遠山 そう(笑)。作品として、そうした開かれた場所にあるシンプルでユニークなもの、難解なもの、その多様な振れ幅を大切にしたいと思っています。ただ、幅広いといってもなんでも良いわけじゃない。The Chain Museumなりのユニークさや、日常のなかにどう介入していくかみたいなことをいろいろ試していきたいんです。ですから、スターバックスの取り組みにはシンパシーを覚えますね。

唐津市湊風力発電所に設置された、須田悦弘《雑草》(2019)

作家と一緒に育っていきたい

──「場」や「多様性」という共通するキーワードのいっぽうで、これまでの話からはアーティストとその活動をサポートすることへの意識を感じました。おふたりの「サポート」に対する考えを教えてください。

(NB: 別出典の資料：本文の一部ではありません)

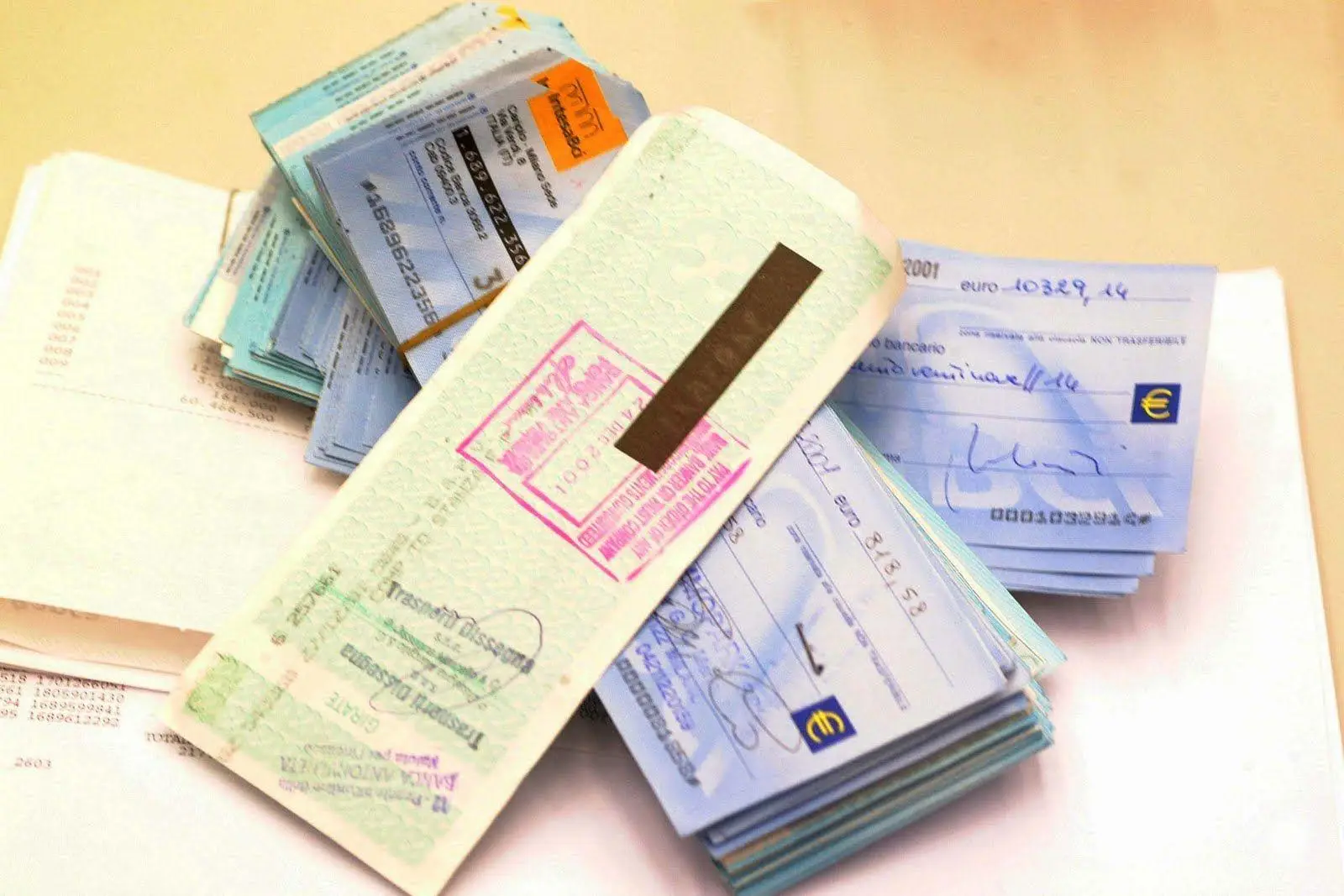 A che ora esatta le banche fanno i bonifici: ecco quando parte davvero il tuo pagamento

遠山 サポートというよりは、一緒に育っていきたい、面白いことをやっていきたいという気持ちのほうが強いですね。「この作家・作品にBetしたい(賭けたい)」といった感覚も大切にしています。

水口 私も、いわゆる慈善事業ではなく、一緒に歩んでいく感覚がベースにあります。私がArtStickerに大きく共感した部分として、そのサステナブルな姿勢があります。通常、アートの世界は最終的には買う・買わないというところにつながっていきますよね。けれど若いアーティストにとっては、コメントと支援が一緒になった「スティッカー」によって、自分の作品を見てもらい、その人とのつながりを通して応援してもらえるというのはとても励まされることだと思うんです。ひとつのフローを通してアーティストに態度を示す。ArtStickerではそれを仕組み化しているところに感銘を受けました。

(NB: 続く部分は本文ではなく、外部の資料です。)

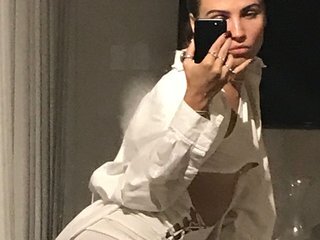 Chat vidéo érotique REALMEANTINA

遠山 今回、スターバックスとコラボレーションしたことで、ArtStickerのダウンロード数が飛躍的に増えました。けれど、「スティッカー」の機能はまだそこまで活用されていません。実際に機能を使ってみるとすごく楽しいのでみなさんにも試してほしいですね。

水口貴文 撮影=稲葉真

水口 私は先日、ArtStickerですごく気になる作品を見つけたので、「大好きです」とコメントしました。難しいことを考えず、自分の思った感情を伝えれば良いと思うんです。いっぽうで、作品の背景を知るとアートがさらに面白くなり、会話も生まれる。そのことは、店頭に立つ私どものパートナーが作品について楽しそうにお客様と話しているのを見ると実感できます。

遠山 自分が作品を見て思ったことを言葉で表現し、それに周りの人が「いいね」をくれたり、アーティストから返事もくる。作品でコミュニケーションできる楽しさはぜひみなさんにも実感してほしいです。美術館と違って、おとなしくしていなくてもいいんです。

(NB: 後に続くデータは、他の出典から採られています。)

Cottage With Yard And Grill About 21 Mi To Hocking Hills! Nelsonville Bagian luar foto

 スターバックスがサードプレイスという場を世の中に提供しているように、ArtStickerをはじめThe Chain Museumの活動を通して、アートにとってのサードプレイスと言えるような場を私たちなりに提示してきたいですね。

左から水口貴文、遠山正道。スターバックス リザーブ® ロースタリー 東京内、「AMU(アム)インスピレーション ラウンジ」にて 撮影=稲葉真

*1──スマイルズの代表取締役社長・遠山正道と、クリエイター集団「PARTY」が共同出資し、2018年に設立した会社。「ミュージアム」「プラットフォーム」「コンサルティング」という3つの事業モデルを掲げており、「ArtSticker」は同社で開発したサービスのひとつ。
*2──株式会社The Chain Museumが開発。アーティストを直接支援することで新たなお金の流れを生み出し、アートをよりひらかれたものにすることを目指すプラットフォーム。著名アーティストから注目の若手アーティストの作品まで、幅広く収録し、作品のジャンルも、インスタレーション、絵画、パフォーミングアーツなど、多岐にわたる。https://artsticker.app/r/dl
*3──スイス北西部の都市・バーゼルで毎年開催される世界最大級の現代アートフェア。例年、6月の4日間行われる。アメリカのマイアミ・ビーチと香港でも開催。